Changing distance to TSS (tssRegion in ChIPseeker) during peak annotation in ChIP-seq analysis does not change the total number of genes associated with the peaks
11 months ago
vyazar ▴ 50


I have an urgent question, which is rather straightforward for experts I am sure;

In ChIP-seq analysis I changed the argument "tssRegion" - distance to the nearest TSS - from (-300, 300) to -(3000, 3000), and then even to (-10000,10000) in ChIPSeeker at the peak annotation step but the number of genes assigned to the called peaks is always the same. Then, I used a different peak annotator (ChIPpeakAnno) with tssRegion argument (-5000, 5000) and again the number of genes assigned to the called peaks is the same. It seems like all peak annotators ultimately assign one peak to a single gene so if the number of peaks called does not change, the number of genes annotated remains the same irrespective of the range of tssRegion.
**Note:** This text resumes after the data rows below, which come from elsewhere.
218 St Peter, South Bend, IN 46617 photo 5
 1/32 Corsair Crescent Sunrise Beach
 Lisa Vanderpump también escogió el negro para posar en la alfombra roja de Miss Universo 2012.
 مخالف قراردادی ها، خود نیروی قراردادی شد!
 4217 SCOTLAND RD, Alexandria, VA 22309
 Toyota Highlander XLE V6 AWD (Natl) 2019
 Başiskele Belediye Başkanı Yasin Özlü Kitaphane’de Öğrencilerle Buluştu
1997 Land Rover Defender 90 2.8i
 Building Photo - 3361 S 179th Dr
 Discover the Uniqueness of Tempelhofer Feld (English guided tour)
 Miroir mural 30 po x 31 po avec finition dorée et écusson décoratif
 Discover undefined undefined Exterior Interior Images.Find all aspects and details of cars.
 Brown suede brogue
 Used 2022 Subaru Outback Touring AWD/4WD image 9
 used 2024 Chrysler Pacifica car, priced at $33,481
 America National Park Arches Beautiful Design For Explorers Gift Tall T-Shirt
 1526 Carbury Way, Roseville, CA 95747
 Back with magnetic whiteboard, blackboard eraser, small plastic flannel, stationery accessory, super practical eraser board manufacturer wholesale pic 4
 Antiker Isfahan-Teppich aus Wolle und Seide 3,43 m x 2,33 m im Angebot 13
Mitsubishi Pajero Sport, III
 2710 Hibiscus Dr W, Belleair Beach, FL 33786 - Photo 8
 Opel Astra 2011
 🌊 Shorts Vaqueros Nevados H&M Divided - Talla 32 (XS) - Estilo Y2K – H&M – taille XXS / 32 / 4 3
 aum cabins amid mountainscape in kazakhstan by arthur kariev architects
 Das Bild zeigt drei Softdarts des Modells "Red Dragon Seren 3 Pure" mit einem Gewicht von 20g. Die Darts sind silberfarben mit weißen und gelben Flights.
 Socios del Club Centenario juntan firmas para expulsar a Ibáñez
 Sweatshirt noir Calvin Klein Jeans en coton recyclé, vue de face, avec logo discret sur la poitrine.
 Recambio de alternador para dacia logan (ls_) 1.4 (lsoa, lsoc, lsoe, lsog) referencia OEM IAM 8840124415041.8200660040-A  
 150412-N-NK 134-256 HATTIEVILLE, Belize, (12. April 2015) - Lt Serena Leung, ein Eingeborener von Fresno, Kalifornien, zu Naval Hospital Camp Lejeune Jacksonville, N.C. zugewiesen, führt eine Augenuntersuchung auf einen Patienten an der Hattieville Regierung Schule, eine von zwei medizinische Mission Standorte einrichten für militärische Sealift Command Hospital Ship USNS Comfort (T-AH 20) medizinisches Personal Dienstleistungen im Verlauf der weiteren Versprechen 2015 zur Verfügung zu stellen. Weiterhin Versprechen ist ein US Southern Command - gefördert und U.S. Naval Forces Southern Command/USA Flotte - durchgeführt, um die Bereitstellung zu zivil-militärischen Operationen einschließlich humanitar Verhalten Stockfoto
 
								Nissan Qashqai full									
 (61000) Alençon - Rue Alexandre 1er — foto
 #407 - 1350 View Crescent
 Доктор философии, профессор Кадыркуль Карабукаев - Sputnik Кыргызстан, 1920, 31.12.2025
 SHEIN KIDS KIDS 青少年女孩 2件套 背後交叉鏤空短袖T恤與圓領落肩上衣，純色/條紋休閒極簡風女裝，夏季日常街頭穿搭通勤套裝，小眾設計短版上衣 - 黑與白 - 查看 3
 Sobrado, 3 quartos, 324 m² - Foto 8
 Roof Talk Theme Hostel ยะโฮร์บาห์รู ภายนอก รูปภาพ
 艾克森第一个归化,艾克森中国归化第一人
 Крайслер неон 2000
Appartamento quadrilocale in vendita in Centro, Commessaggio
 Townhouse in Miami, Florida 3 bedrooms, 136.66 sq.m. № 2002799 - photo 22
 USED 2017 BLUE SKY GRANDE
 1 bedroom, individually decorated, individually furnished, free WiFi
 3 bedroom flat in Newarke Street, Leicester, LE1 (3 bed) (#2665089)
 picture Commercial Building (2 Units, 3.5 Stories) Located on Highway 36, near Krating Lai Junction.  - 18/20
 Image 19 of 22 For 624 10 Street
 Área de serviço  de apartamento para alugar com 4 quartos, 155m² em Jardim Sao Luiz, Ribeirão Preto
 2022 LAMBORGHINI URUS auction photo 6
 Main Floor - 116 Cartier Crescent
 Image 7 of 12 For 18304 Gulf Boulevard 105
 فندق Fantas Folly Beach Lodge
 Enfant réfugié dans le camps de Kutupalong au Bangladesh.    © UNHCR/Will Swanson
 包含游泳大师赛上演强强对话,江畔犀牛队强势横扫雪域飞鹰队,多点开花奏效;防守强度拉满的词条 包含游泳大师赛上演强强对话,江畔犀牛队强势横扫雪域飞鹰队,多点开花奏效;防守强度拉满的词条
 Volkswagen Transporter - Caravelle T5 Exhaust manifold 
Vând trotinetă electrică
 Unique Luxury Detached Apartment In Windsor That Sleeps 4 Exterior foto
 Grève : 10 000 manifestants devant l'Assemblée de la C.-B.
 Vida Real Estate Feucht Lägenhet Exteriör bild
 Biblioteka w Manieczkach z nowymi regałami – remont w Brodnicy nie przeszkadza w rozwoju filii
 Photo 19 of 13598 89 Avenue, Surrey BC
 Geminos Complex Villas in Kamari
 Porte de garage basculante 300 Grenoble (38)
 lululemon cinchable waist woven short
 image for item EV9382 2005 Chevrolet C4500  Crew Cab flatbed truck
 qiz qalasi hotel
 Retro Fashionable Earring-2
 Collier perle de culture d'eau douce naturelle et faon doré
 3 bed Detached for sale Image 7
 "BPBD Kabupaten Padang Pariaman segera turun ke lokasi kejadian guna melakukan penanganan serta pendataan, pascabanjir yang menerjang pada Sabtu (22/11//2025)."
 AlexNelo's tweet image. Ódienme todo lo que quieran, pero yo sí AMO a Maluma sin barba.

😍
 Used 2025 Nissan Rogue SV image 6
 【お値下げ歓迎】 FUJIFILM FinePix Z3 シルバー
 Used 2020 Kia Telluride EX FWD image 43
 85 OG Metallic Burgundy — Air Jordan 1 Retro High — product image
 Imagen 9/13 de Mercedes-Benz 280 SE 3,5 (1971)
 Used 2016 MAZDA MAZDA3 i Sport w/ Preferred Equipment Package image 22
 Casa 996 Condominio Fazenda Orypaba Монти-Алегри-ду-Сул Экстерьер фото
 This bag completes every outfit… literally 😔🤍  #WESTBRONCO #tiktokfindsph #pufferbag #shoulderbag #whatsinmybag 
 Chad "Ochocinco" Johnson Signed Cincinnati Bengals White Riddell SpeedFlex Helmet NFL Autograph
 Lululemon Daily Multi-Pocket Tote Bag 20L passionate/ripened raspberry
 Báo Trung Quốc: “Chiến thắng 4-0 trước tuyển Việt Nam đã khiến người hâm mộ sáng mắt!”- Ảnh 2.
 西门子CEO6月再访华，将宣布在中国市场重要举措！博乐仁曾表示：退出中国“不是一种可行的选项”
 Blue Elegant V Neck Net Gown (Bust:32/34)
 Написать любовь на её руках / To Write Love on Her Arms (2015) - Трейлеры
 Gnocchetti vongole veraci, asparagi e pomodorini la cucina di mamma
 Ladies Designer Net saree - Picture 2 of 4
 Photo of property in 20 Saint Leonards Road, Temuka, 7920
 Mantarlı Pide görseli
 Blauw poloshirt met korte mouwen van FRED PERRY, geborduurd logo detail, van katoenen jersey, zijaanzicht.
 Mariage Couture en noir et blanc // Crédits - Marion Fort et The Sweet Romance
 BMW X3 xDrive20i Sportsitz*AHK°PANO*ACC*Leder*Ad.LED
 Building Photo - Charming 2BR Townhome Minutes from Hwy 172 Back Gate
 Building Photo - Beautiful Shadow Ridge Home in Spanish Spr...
It also appears that when we increase the range of tssRegion during annotation, the annotation algorithm looks for genes to assign to a given peak just in a wider range. The number of genes assigned to the called peaks does NOT change as long as each peak in bed file is annotated. Only those peaks with no genes assigned previously have now a higher chance of getting annotated by the annotator when the "tssRegion" is larger. That is why the number of genes assigned to the called peaks is robust in my case because all the peaks are already annotated. Am I right or missing something BIG in here?

Thank you!

The basic principle for ChIP-seq peaks annotation is to identify the nearest TSS (genes). so even though you increase the range of window upstream or downstream of TSS the number of annotated genes will remain constant. But In case you increase it to 10000, one peak might be annotated to several genes, but the total number of genes would remain similar.